In 1920, for instance, Dashiell Hammett sought hospital treatment for tuberculosis in Tacoma (just 33 miles south of Seattle), and while there stumbled across the inspiration for the famous “Flitcraft Parable” that his gumshoe Sam Spade recites in The Maltese Falcon (1930). Hammett likely found time during his weeks-long stay, or perhaps amid his previous travels up the West Coast as a Pinkerton detective, to see Seattle’s sights. But they must not have impressed him greatly, for the town didn’t star in his later stories. Raymond Chandler, too, knew this so-called Emerald City. He stayed here with friends awhile in 1932, after being dismissed from his oil company job in Los Angeles for alcoholism and absenteeism. Once again, though, Chandler’s fiction reflected no significant interest in this locale.

Alan Furst also resided in these parts for a spell, though the historical espionage yarns he’s now turning out (A Hero of France, Under Occupation) take place primarily in Europe.
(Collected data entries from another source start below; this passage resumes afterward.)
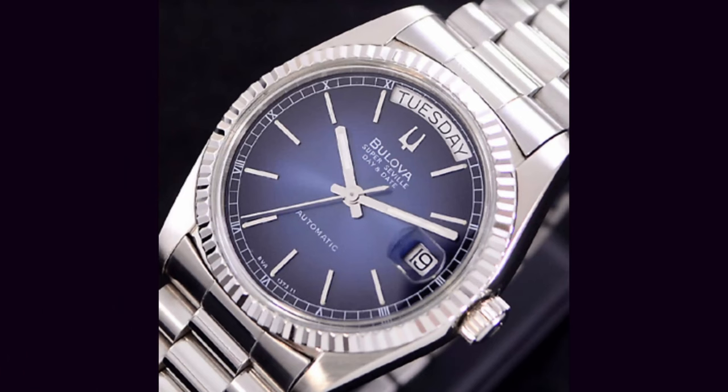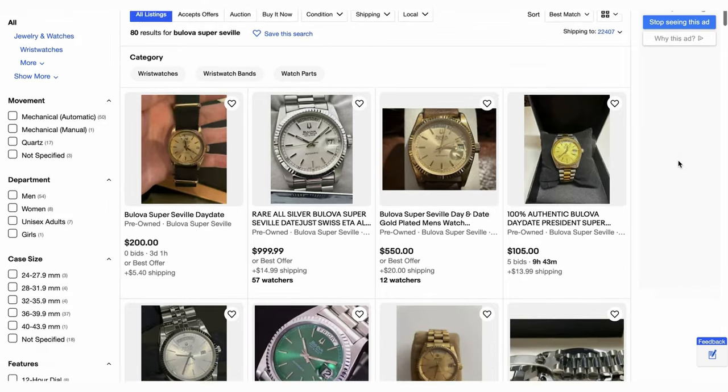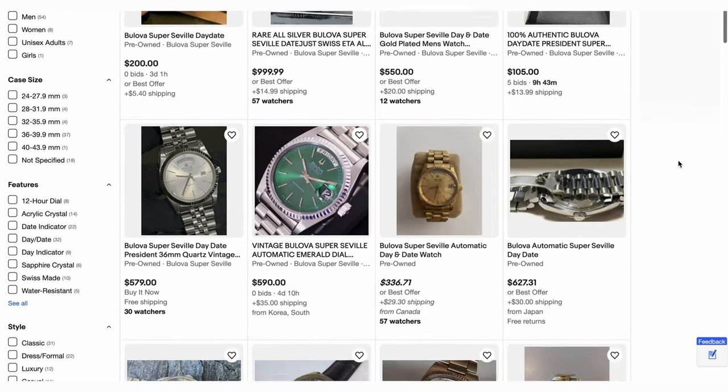This wouldn't be the first time Bulova did this. We also have the Bulova Super Seville, which has two models — the Day-Date and the Datejust. These examples come in steel, gold-plated, or two-tone cases, and you can find steel presidential bracelets, Jubilee, and more on these watches. They all feature an ETA Swiss movement and are an exact one-for-one copy of Rolex, down to the crown — just with a tuning fork logo to show it's a Bulova and not a Rolex.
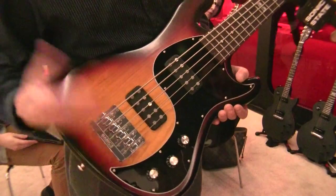It's the sound of two pickups. Think of it as like a modeling bass but without any electronics — without any DSP. So you can get all these different sounds.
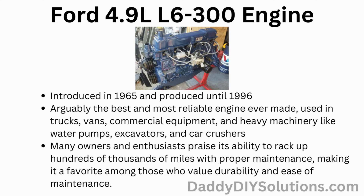The Ford 4.9 liter L6 300 engine was first introduced in 1965 and produced until 1996. It's arguably the best and most reliable engine ever made. It's been used in trucks, vans, commercial equipment, and heavy machinery like water pumps, excavators, and even car crushers. Many owners and enthusiasts praise its ability to rack up hundreds of thousands of miles with proper maintenance, making it a favorite with those who value durability and ease of maintenance.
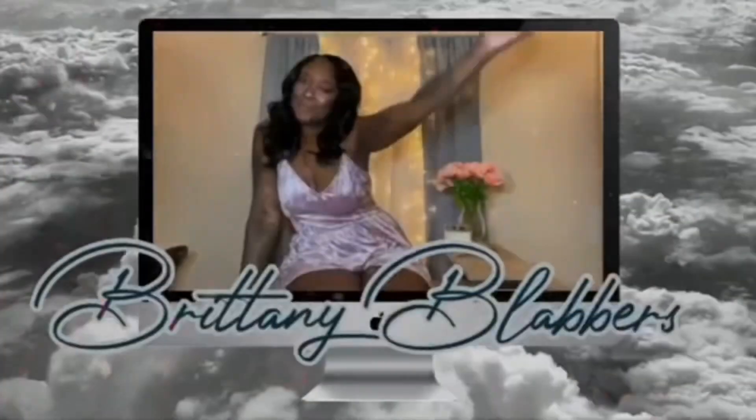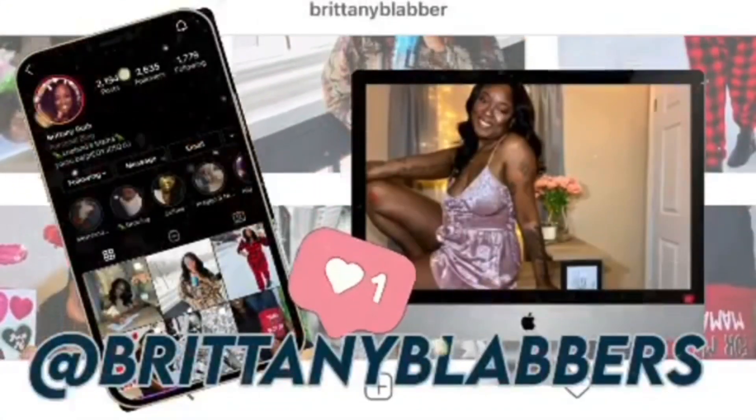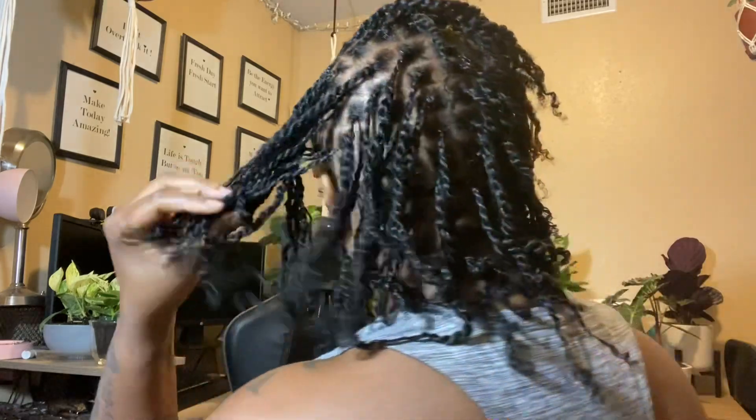Hey y'all, welcome back to my channel — if you're new, welcome! I'm going to do a quick lock count video with you guys. I just finished installing the starter two-string twist locks and I haven't counted them and I need to know. So I have these little scrunchies — I buy these when I'm doing my son's hair — and I'm going to use those to put them in sections of 10. Let's get to counting.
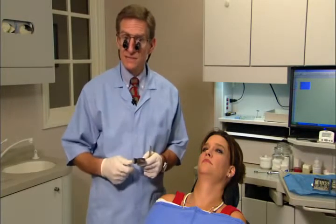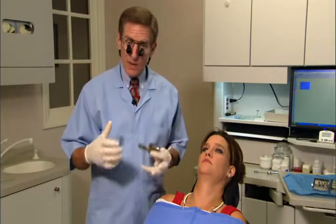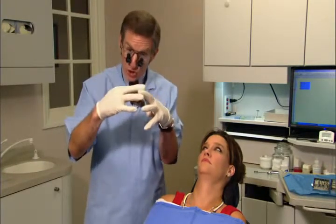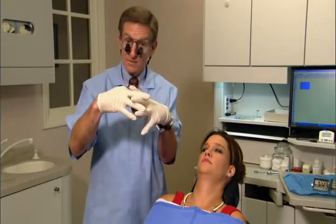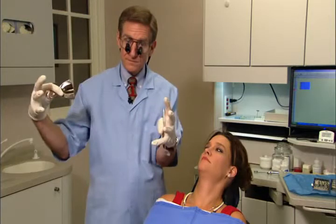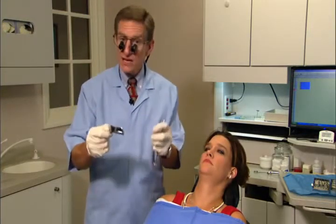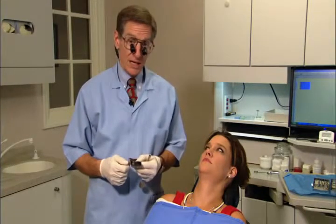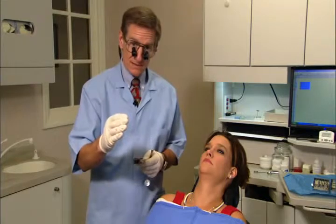Switch to rimlock trays and use regular set alginate. Regular set is more accurate than fast set. Alginate sets by a brush heap configuration — as it sets, it piles up. Fast set uses bigger limbs that pile up faster, but regular set is far more accurate, like piling with grass versus large limbs. In terms of accuracy, use regular set.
Likewise, British-born author Michael Dibdin made his home here from the 1990s through the mid-2000s, but wrote primarily about an Italian police commissioner named Aurelio Zen. And as far as I know, thriller author Robert Ferrigno still resides in Kirkland, a historic burg on the east side of Lake Washington, but prefers to place his mayhem-packed stories as far away from this place—and his family—as he can. The sole exception, I believe, is his 2013 novel, The Girl Who Cried Wolf.

If any or all of these writers had done more to integrate the Northwest’s largest metropolis into their storytelling, there’s no question that Seattle would be recognized more widely as an ideal milieu for crime fiction. But would their books have been better than those that already exist? It’s impossible to know.